La cuestión turca



Un reciente artículo publicado en El Mundo trataba de encontrar alguna respuesta a la violenta situación de caos que se vive en Turquía. El periodista en cuestión se preguntaba por el origen último de las protestas que se han extendido por todo el país. No llegaba a comprender cómo la simple tala de unos cuantos árboles en una céntrica plaza de Estambul había degenerado en días interminables de batallas campales. Lo que en un principio parecía una simple reacción de grupos ecologistas frente a los desmanes urbanísticos pasó a convertirse de la noche a la mañana en un amplio y radical movimiento de contestación a las políticas del actual primer ministro Erdogan. La prensa y los medios occidentales se han apresurado a calificar a los manifestantes como “indignados”, englobando las protestas dentro de un contexto más amplio que podría entroncarse con las primaveras árabes y otras tendencias surgidas al amparo de la actual crisis, como el 15M o Occupy Wall Street.

Sin embargo, hay algo que no acaba de cuajar en todos esos paralelismos que se pretenden crear entre las protestas turcas y la inestabilidad social de países como, por ejemplo, España, Grecia, o los del norte de África. Al fin y al cabo, Turquía ofrece un panorama socio – político y económico que difiere bastante respecto a sus vecinos mediterráneos o respecto a la situación que viven los países capitalistas occidentales.

La historia democrática turca es reciente y débil. Es precisamente su escasa vida la que impide el fortalecimiento de los mecanismos democráticos, con la presencia perenne de un ejército demasiado poderoso pese a sus concesiones y con la amenaza constante de un islamismo que puede radicalizarse. Esa fragilidad es la que posibilita, por otra parte, la persistencia de fuertes desigualdades sociales en un país que ha vivido en los últimos años una cierta prosperidad económica. Su situación geográfica ha sido la gran baza del desarrollo turco de las últimas décadas. Su papel de puente de conexión entre las fuentes energéticas caucásicas y una Europa cada vez más necesitada de las mismas ha sido fundamental para entender el reciente desarrollo del país. Esa bonanza ha permitido que algunos analistas hablen sin tapujos de una especie de neo – colonialismo otomano que extiende su influencia por los territorios del antiguo imperio.
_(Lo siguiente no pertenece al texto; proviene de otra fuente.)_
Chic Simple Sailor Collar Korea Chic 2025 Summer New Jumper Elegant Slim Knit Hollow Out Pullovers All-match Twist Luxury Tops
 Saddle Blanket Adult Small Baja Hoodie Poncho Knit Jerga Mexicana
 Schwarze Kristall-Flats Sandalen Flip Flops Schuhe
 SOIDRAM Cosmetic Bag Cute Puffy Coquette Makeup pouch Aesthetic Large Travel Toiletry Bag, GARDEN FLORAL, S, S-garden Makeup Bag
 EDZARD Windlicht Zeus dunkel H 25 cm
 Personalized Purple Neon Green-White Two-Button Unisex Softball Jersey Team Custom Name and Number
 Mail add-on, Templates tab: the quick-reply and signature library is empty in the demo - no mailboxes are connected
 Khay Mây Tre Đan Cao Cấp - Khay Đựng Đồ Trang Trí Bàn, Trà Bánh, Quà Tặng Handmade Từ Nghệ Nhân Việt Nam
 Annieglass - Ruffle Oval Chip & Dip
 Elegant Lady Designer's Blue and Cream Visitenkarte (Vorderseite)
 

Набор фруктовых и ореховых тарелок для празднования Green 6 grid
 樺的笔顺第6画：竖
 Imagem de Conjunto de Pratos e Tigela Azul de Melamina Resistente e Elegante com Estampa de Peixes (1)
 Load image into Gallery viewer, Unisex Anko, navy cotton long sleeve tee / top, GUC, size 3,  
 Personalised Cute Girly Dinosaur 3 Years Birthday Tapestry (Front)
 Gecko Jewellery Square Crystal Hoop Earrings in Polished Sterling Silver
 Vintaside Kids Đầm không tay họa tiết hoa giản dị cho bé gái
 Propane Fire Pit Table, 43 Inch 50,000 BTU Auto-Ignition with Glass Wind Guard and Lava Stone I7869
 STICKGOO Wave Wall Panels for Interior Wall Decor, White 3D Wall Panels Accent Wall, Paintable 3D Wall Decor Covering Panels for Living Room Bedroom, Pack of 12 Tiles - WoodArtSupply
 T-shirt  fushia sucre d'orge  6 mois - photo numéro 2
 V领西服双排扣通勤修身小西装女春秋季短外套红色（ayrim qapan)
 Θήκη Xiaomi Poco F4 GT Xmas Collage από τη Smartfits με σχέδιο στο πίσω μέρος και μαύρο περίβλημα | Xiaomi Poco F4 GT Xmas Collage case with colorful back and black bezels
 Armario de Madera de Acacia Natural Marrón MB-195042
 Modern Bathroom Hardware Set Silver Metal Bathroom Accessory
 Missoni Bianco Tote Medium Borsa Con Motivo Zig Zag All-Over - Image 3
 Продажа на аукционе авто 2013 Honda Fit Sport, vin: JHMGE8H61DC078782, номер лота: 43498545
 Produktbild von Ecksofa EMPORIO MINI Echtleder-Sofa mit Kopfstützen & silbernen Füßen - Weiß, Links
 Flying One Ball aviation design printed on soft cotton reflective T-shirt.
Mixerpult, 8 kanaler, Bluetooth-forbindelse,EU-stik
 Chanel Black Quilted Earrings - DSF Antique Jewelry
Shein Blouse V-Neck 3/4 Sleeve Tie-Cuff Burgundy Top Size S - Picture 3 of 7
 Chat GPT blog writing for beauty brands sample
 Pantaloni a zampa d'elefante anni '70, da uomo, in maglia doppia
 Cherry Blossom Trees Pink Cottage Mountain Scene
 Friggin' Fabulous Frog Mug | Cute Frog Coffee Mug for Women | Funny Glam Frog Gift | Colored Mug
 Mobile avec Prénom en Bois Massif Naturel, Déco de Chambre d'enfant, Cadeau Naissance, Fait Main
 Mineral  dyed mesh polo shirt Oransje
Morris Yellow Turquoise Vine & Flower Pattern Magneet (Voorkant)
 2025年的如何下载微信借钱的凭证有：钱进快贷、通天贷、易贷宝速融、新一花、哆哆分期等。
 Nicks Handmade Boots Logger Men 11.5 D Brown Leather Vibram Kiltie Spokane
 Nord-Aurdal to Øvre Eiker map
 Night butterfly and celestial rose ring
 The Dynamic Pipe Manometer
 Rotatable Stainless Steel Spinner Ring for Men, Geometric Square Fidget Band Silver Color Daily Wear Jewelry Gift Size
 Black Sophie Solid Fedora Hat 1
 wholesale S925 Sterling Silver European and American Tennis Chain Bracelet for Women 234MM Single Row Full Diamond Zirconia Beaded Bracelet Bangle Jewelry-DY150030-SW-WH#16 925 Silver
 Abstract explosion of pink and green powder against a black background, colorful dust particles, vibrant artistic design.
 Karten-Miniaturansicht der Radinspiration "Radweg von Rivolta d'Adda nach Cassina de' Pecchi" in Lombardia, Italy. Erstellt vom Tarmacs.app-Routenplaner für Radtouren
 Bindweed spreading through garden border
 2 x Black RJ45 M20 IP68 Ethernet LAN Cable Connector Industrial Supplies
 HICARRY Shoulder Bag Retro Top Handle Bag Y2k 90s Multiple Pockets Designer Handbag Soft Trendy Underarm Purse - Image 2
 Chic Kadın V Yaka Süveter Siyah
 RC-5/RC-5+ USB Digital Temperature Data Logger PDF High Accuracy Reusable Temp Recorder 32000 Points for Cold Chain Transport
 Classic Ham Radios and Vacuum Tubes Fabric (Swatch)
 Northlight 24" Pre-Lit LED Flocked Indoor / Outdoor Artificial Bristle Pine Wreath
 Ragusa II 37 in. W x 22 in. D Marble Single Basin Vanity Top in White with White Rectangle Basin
Por citar un ejemplo, la presencia turca en Bosnia ha levantado serios recelos por parte de las autoridades europeas y los vecinos croatas (católicos) y serbios (ortodoxos).

La revuelta turca parece dirigirse contra las pretensiones islamizadoras del primer ministro Erdogan (supuestamente islamista moderado). Sin embargo, la simpleza de esta causa encierra toda la complejidad que rodea a la reciente ola de protestas. Mientras en los países occidentales se pretende ver en la supuesta crisis el motivo último que justifique el creciente malestar social, el panorama económico turco difiere respecto a la situación financiera de Europa o los Estados Unidos. Se supone que Turquía vive años de un considerable crecimiento económico. En el escenario turco, pues, sería más conveniente referirse a un problema derivado de la redistribución de la riqueza que a una crisis estructural del sistema.

En un país inmerso en su propia burbuja gracias a su posición geoestratégica, puede que los frutos de la bonanza económica no hayan sido redistribuidos de una manera equitativa. En un país de fuerte tradición oligárquica es posible suponer que los beneficios hayan recaído en las mismas manos que suelen acaparar el poder, dejando desamparada a un amplísimo espectro de la sociedad turca. La consecuencia última degeneraría en una fuerte respuesta social cuya inconveniente más presumible es la asunción de cualquier forma de contestación radical y violenta frente a los desmanes de los estamentos privilegiados turcos.